This chapter tries to cover some of the issues, largely related to unusual forms of addressing and jump instructions, encountered when writing operating system code such as protected-mode initialisation routines, which require code that operates in mixed segment sizes, such as code in a 16-bit segment trying to modify data in a 32-bit one, or jumps between different-size segments.
The most common form of mixed-size instruction is the one used when writing a 32-bit OS: having done your setup in 16-bit mode, such as loading the kernel, you then have to boot it by switching into protected mode and jumping to the 32-bit kernel start address. In a fully 32-bit OS, this tends to be the only mixed-size instruction you need, since everything before it can be done in pure 16-bit code, and everything after it can be pure 32-bit.
This jump must specify a 48-bit far address, since the target segment is a 32-bit one. However, it must be assembled in a 16-bit segment, so just coding, for example,
jmp 0x1234:0x56789ABC ; wrong!
will not work, since the offset part of the address will be truncated to
0x9ABC
and the jump will be an ordinary 16-bit far one.
The Linux kernel setup code gets round the inability of
as86
to generate the required instruction by coding it
manually, using DB
instructions. NASM can go one better than
that, by actually generating the right instruction itself. Here's how to do
it right:
jmp dword 0x1234:0x56789ABC ; right
The DWORD
prefix (strictly speaking, it should come
after the colon, since it is declaring the offset field
to be a doubleword; but NASM will accept either form, since both are
unambiguous) forces the offset part to be treated as far, in the assumption
that you are deliberately writing a jump from a 16-bit segment to a 32-bit
one.
You can do the reverse operation, jumping from a 32-bit segment to a
16-bit one, by means of the WORD
prefix:
jmp word 0x8765:0x4321 ; 32 to 16 bit
If the WORD
prefix is specified in 16-bit mode, or the
DWORD
prefix in 32-bit mode, they will be ignored, since each
is explicitly forcing NASM into a mode it was in anyway.
If your OS is mixed 16 and 32-bit, or if you are writing a DOS extender, you are likely to have to deal with some 16-bit segments and some 32-bit ones. At some point, you will probably end up writing code in a 16-bit segment which has to access data in a 32-bit segment, or vice versa.
If the data you are trying to access in a 32-bit segment lies within the first 64K of the segment, you may be able to get away with using an ordinary 16-bit addressing operation for the purpose; but sooner or later, you will want to do 32-bit addressing from 16-bit mode.

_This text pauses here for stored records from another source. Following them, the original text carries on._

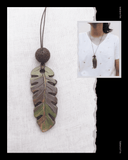 Leaves Terracotta necklace on a white fabric background with a person wearing it inset.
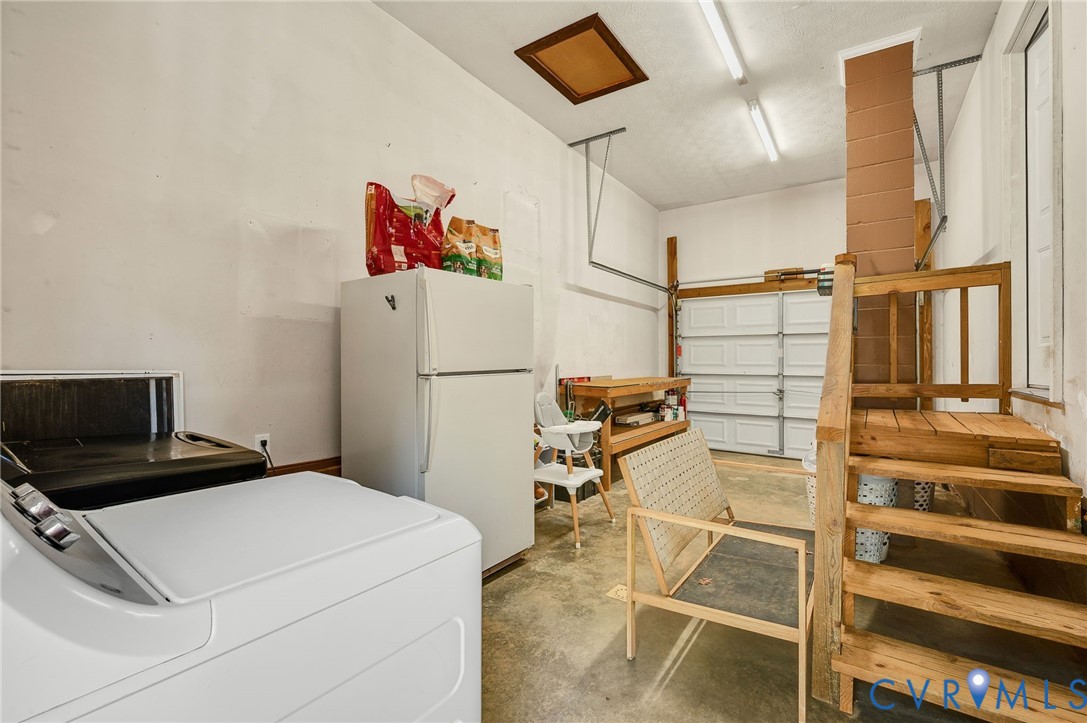 Garage, great for storage! Laundry is also in here.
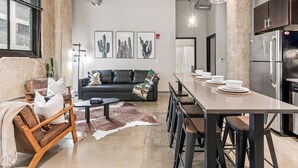 A modern kitchen with a long countertop and bar stools, a black sofa with decorative pillows, and a dining table with white plates.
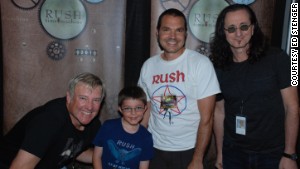 Ed Stenger and his son Zach meet Alex Lifeson, left and Geddy Lee, right, in Toronto, Canada.
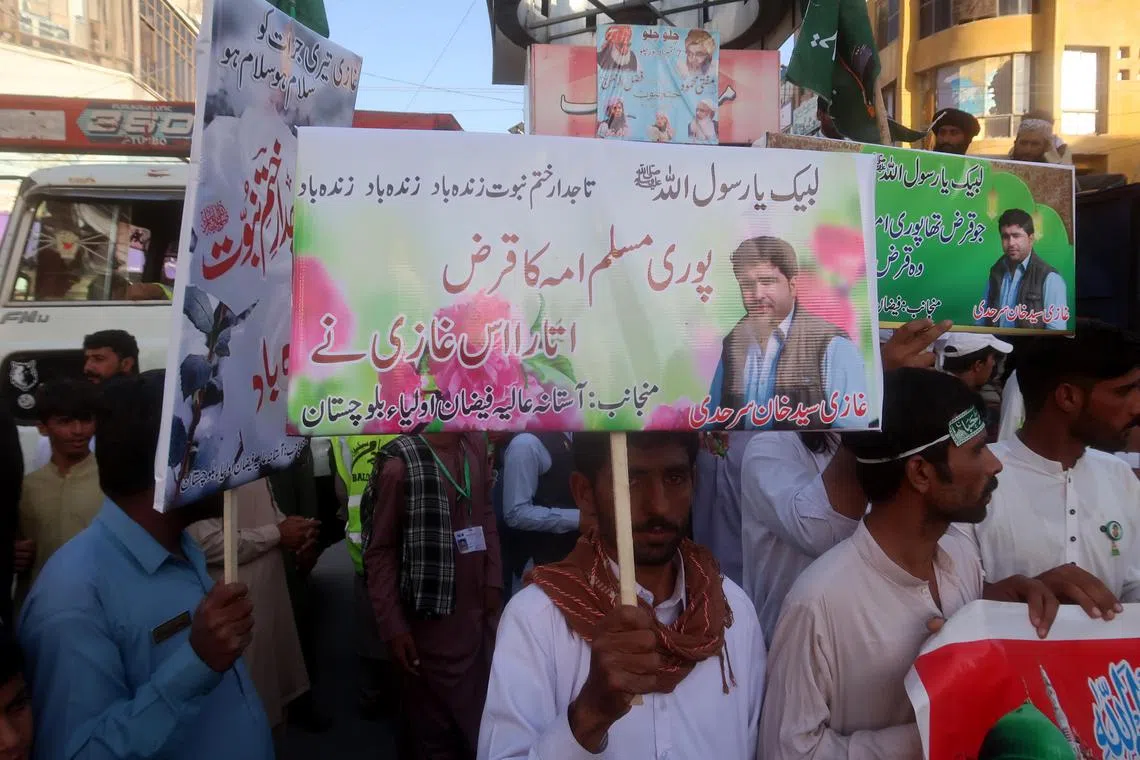 Supporters of the Tehreek-e-Labbaik Pakistan party attend a rally ahead of the celebration of the prophet Muhammad's birth anniversary and in support of Saad Khan Sarhadi, the police constable who killed a man accused of blasphemy in Quetta, Pakistan, on Sept 13, 2024.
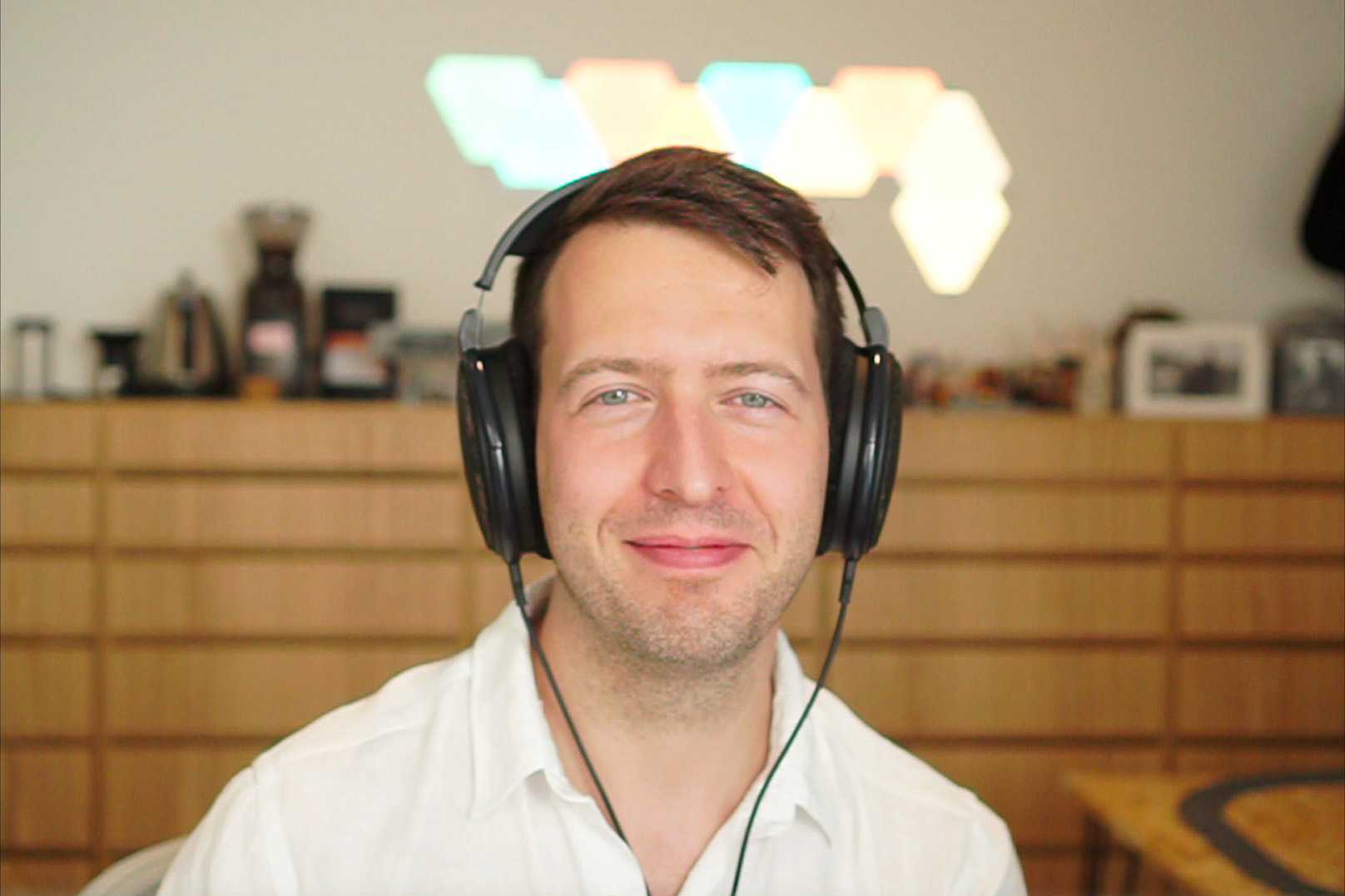 Job van der Voort wearing headphones in his home office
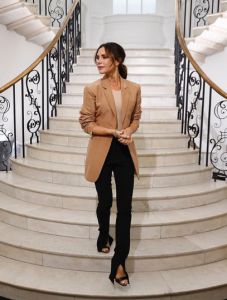 Victoria Beckham descends a staircase as she celebrates her first London Fashion Week collection 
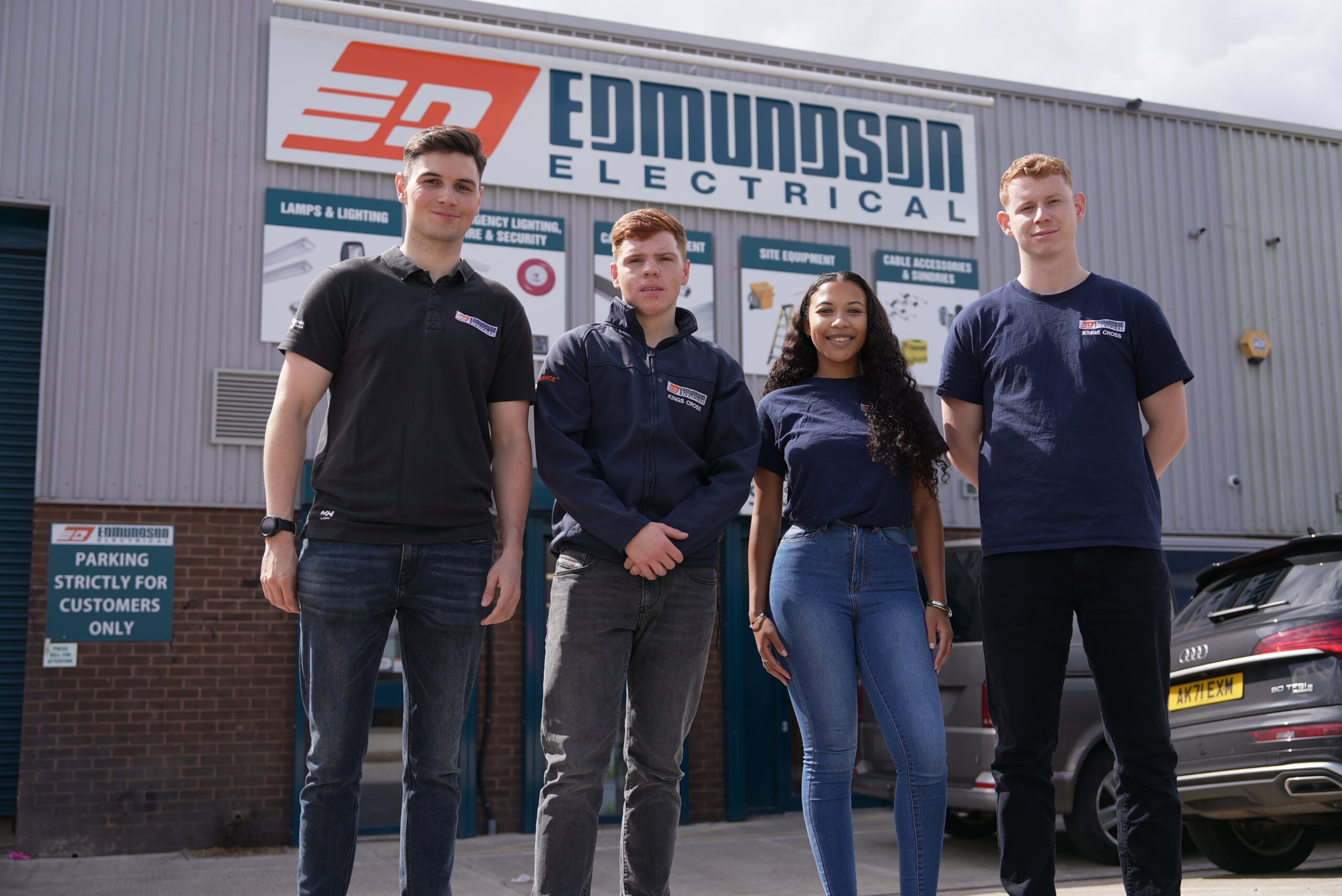 a still image of 4 people from a recruitment video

The easiest way to do this is to make sure you use a register for the address, since any effective address containing a 32-bit register is forced to be a 32-bit address. So you can do
mov eax,offset_into_32_bit_segment_specified_by_fs mov dword [fs:eax],0x11223344
This is fine, but slightly cumbersome (since it wastes an instruction and a register) if you already know the precise offset you are aiming at. The x86 architecture does allow 32-bit effective addresses to specify nothing but a 4-byte offset, so why shouldn't NASM be able to generate the best instruction for the purpose?

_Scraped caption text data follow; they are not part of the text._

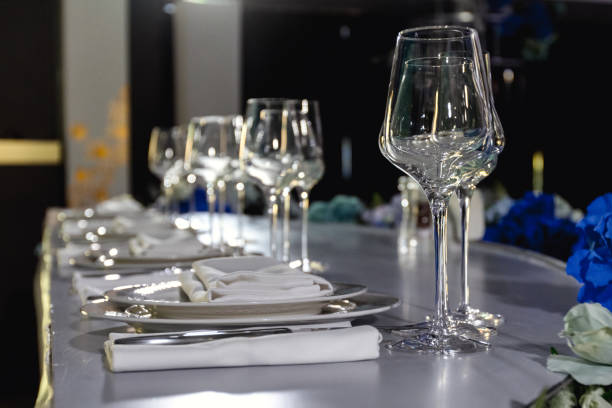 istock tableware Glasses, flower fork, knife served for dinner in restaurant with cozy interior 1783567110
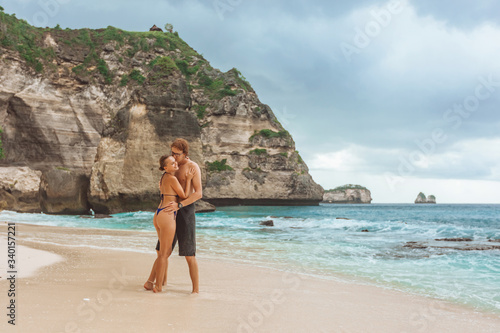 A girl and a Man walk along Diamond beach on the island of Nusa Penida.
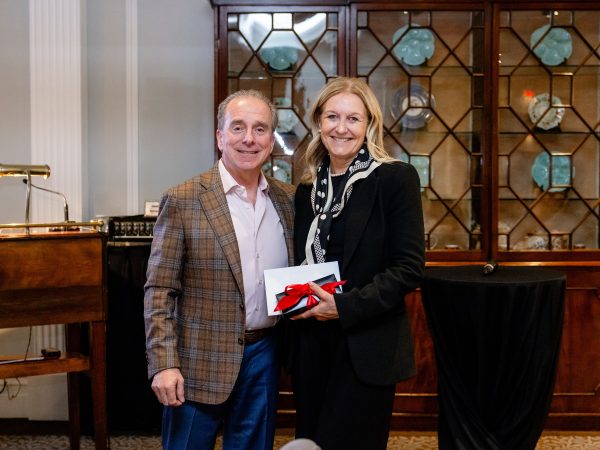 A man in business attire passes a black gift box with a red bow to woman with business attire in front of a wall of cabinets with china.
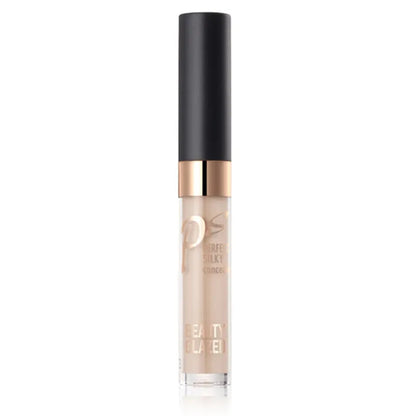 Close-up view of cream concealer texture with makeup brush nearby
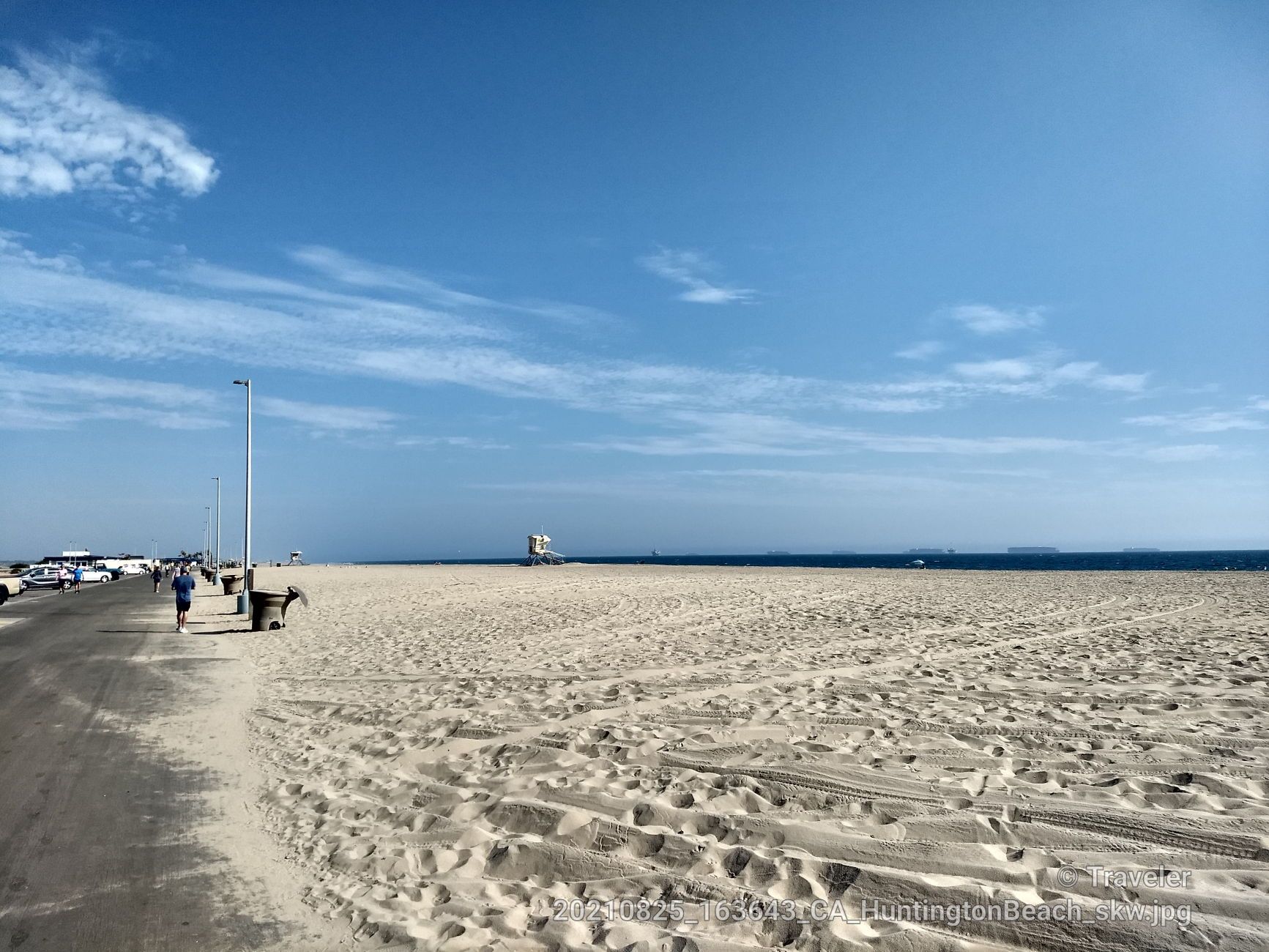 Wide sandy beach next to a paved path, with ocean and a few people. - Huntington Beach Bike Trail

It can. As in section 10.1, you need only
prefix the address with the DWORD
keyword, and it will be
forced to be a 32-bit address:
mov dword [fs:dword my_offset],0x11223344
Also as in section 10.1, NASM is not fussy
about whether the DWORD
prefix comes before or after the
segment override, so arguably a nicer-looking way to code the above
instruction is
mov dword [dword fs:my_offset],0x11223344
Don't confuse the DWORD
prefix outside the square
brackets, which controls the size of the data stored at the address, with
the one inside
the square brackets which controls the length
of the address itself. The two can quite easily be different:
mov word [dword 0x12345678],0x9ABC
This moves 16 bits of data to an address specified by a 32-bit offset.
You can also specify WORD
or DWORD
prefixes
along with the FAR
prefix to indirect far jumps or calls. For
example:
call dword far [fs:word 0x4321]
This instruction contains an address specified by a 16-bit offset; it loads a 48-bit far pointer from that (16-bit segment and 32-bit offset), and calls that address.
The other way you might want to access data might be using the string
instructions (LODSx
, STOSx
and so on) or the
XLATB
instruction. These instructions, since they take no
parameters, might seem to have no easy way to make them perform 32-bit
addressing when assembled in a 16-bit segment.
This is the purpose of NASM's a16
, a32
and
a64
prefixes. If you are coding LODSB
in a 16-bit
segment but it is supposed to be accessing a string in a 32-bit segment,
you should load the desired address into ESI
and then code
a32 lodsb
The prefix forces the addressing size to 32 bits, meaning that
LODSB
loads from [DS:ESI]
instead of
[DS:SI]
. To access a string in a 16-bit segment when coding in
a 32-bit one, the corresponding a16
prefix can be used.
The a16
, a32
and a64
prefixes can
be applied to any instruction in NASM's instruction table, but most of them
can generate all the useful forms without them. The prefixes are necessary
only for instructions with implicit addressing: CMPSx
,
SCASx
, LODSx
, STOSx
,
MOVSx
, INSx
, OUTSx
, and
XLATB
. Also, the various push and pop instructions
(PUSHA
and POPF
as well as the more usual
PUSH
and POP
) can accept a16
,
a32
or a64
prefixes to force a particular one of
SP
, ESP
or RSP
to be used as a stack
pointer, in case the stack segment in use is a different size from the code
segment.
PUSH
and POP
, when applied to segment
registers in 32-bit mode, also have the slightly odd behaviour that they
push and pop 4 bytes at a time, of which the top two are ignored and the
bottom two give the value of the segment register being manipulated. To
force the 16-bit behaviour of segment-register push and pop instructions,
you can use the operand-size prefix o16
:
o16 push ss o16 push ds
This code saves a doubleword of stack space by fitting two segment registers into the space which would normally be consumed by pushing one.
(You can also use the o32
prefix to force the 32-bit
behaviour when in 16-bit mode, but this seems less useful.)